Created on 10-14-201611:47 PM - edited 08-17-201908:48 AM
Phoenix secondary indexes are often misunderstood. Those coming from the relational world mistakenly apply the same prinples to apache phoenix.
A simple data model will be used for this article. Airplane table with attributes carrier ID, Tail Number, Origin airport code, destination airport code, and flight date.
The physical data model has been identified with primary access path of carreirID and TailNum, essentially the rowkey.
note - it is important to understand the order the "primary access path" in which fields will be accessed. Here I have identified the first key in the access path is carrierID. If that is not the case, benefits from the underline database capabilities, HBase may be realized. Think of primary access path not as primary key but more as the core identified access pattern for reads & writes. Secondary indexes enrich & extend this functionality.
What are Apache Phoenix secondary indexes? "Secondary indexes are an orthogonal way to access data from its primary access path." Orthogonal is key here. Think of this as an intersection. Personally I would argue this is different then RDBMS as RDBMS adheres to relational theory. HBase/Phoenix does not. So start training your mind to think of intersections when it comes to secondary indexes
Use case example:
For the airline table, origin airport code is starting to emerge as alternate intersection pattern. Meaning frequently the core access path + origin airport code are used for various processing and/or access. Options are either create a new phoenix table using this core access path pattern or create/apply secondary. Lets go with secondary index
So what are my options?
Lets start with global. Global indexes are used for read heavy use cases. why? Global indexes are not co-located (region server) with the primary table. Therefore with global indexes are dispersing the read load by have the main and secondary index table on different region servers and serving different set of access patterns. Think of it as load balancing.

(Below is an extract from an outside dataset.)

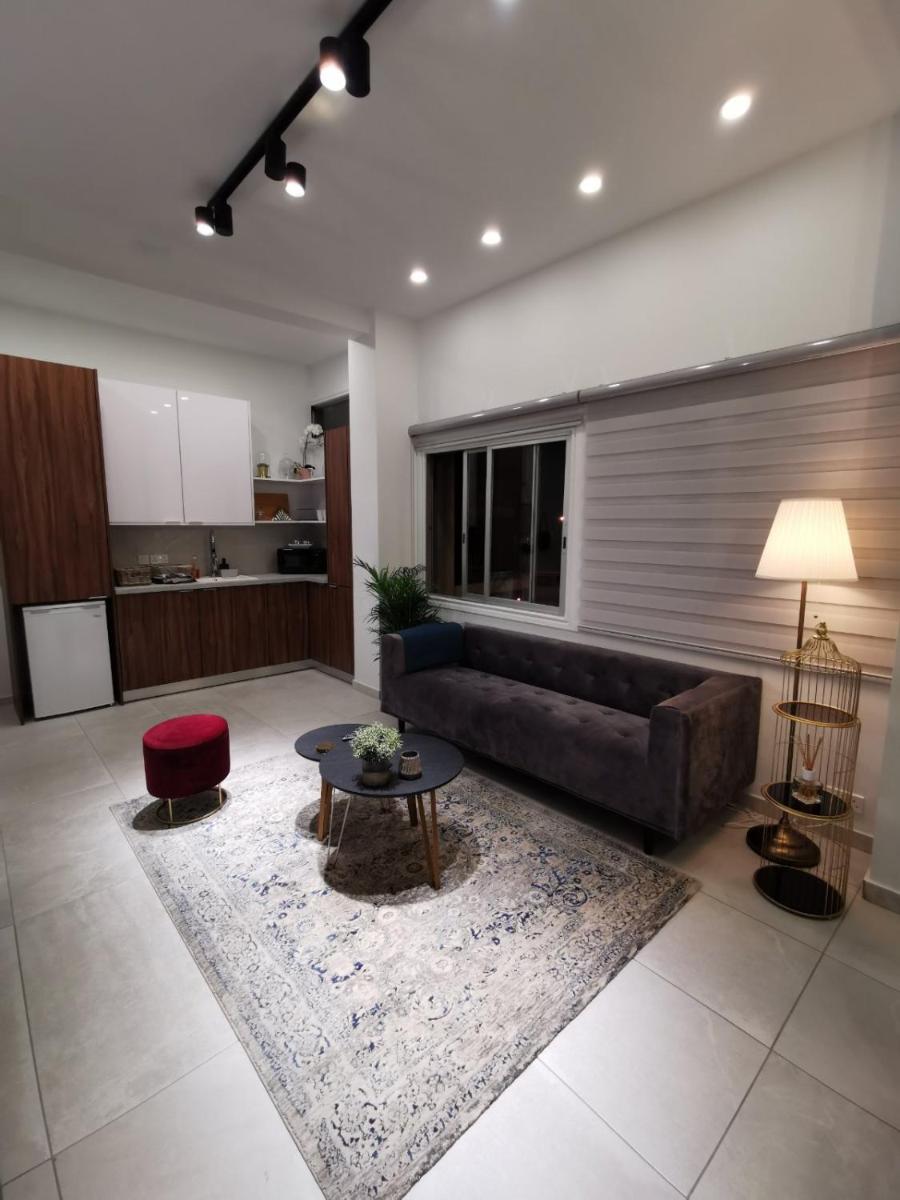 Skin Suites-Luxury Living - Housity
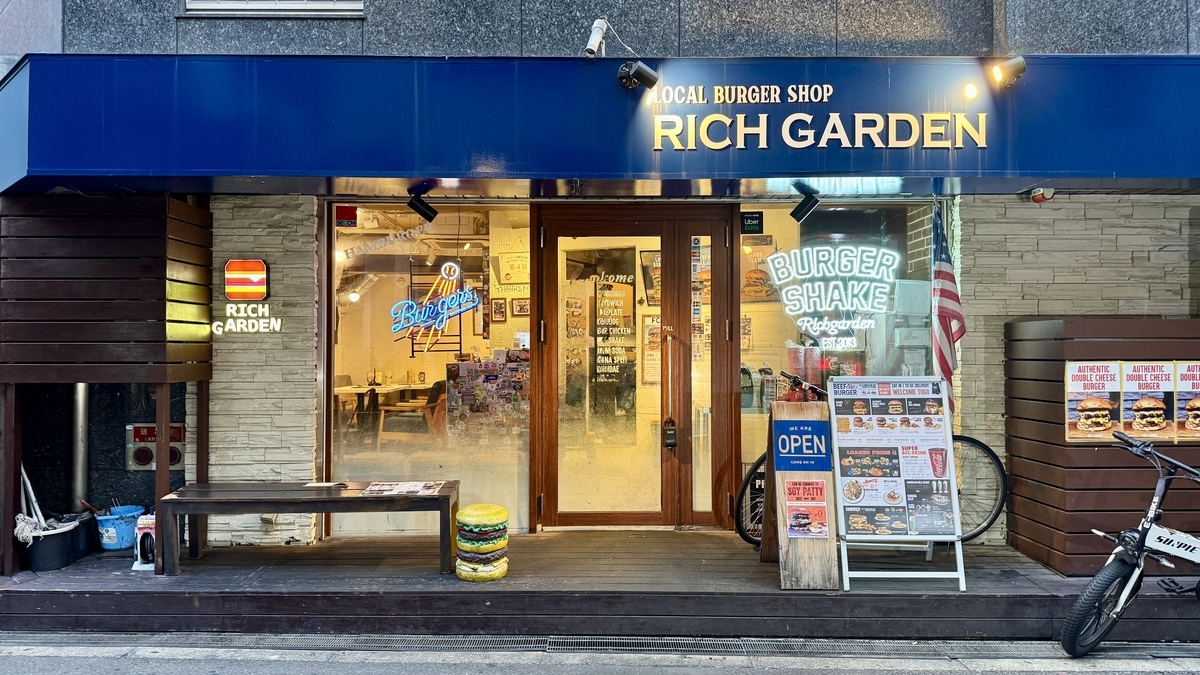 RICH GARDEN 心斎橋本店の外観 青いテント看板とガラス扉が目印の入口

Simply create a secondary index on origin airport code
CREATE INDEX indexname ON airline(origin_airport_code);
This new secondary index is orthogonal. Meaning an intersection of the primary row key and secondary key (s). Now the data model will support this query
SELECT * FROM AIRLINE WHERE CARRIERID = 'A12' AND TAILNUM = '123' AND ORGIN_AIRPORT_CODE = 'ORD'
Perfect point lookup
SELECT * FROM AIRLINE WHERE CARRIERID = 'A12' AND TAILNUM = '123' AND ORGIN_AIRPORT_CODE = 'ORD' AND DEST_AIRPORT_CODE = 'DFW'
Perfect point lookup with server filter on DFW
Notice the secondary index is an INTERSECTION of the primary key.
What if I ran this:
SELECT * FROM AIRLINE WHERE ORGIN_AIRPORT_CODE = 'ORD'
This would run a full table scan. Why? This is not an intersection of primary row key with secondary row key. To solve this challenge you have options such as covered index or using a hint.
SELECT /*+ /*+ INDEX(AIRLINE indexname) */ * FROM AIRLINE WHERE ORGIN_AIRPORT_CODE = 'ORD'
This will cause each data row to be retrieved when the index is traversed to find the missing column values. Use this with care as you may find performance is better with covered index. You can always force hints to the optimizer to use the index of your choice.
Covered index is a way to bundle data based on alternative access path. If the index can "cover" all fields in your select statement then only the index will be hit during the query. To continue from previous example, I would create covered index as follows
CREATE INDEX indexname ON airline(origin_airport_code) INCLUDE (ALL THE FIELDS YOU WILL COVER IN YOUR SELECT STATEMENT)
Issuing SELECT * FROM AIRLINE WHERE ORGIN_AIRPORT_CODE = 'ORD' will only hit the index table.
Local indexes are used for write heavy use cases. why? Local indexes are co-located (Region server) with the primary table. "Unlike global indexes, local indexes will use an index even when all columns referenced in the query are not contained in the index. This is done by default for local indexes because we know that the table and index data co-reside on the same region server thus ensuring the lookup is local."
CREATE LOCAL INDEX indexname ON airline(origin_airport_code)
Running SELECT * FROM AIRLINE WHERE ORGIN_AIRPORT_CODE = 'ORD' should take advantage of the secondary index
That is a ton of info. It is important to understand secondary indexes on NoSQL databases do not adhere to relational theory. There is no substitute for understanding the principles. Now go create some smart secondary indexes 🙂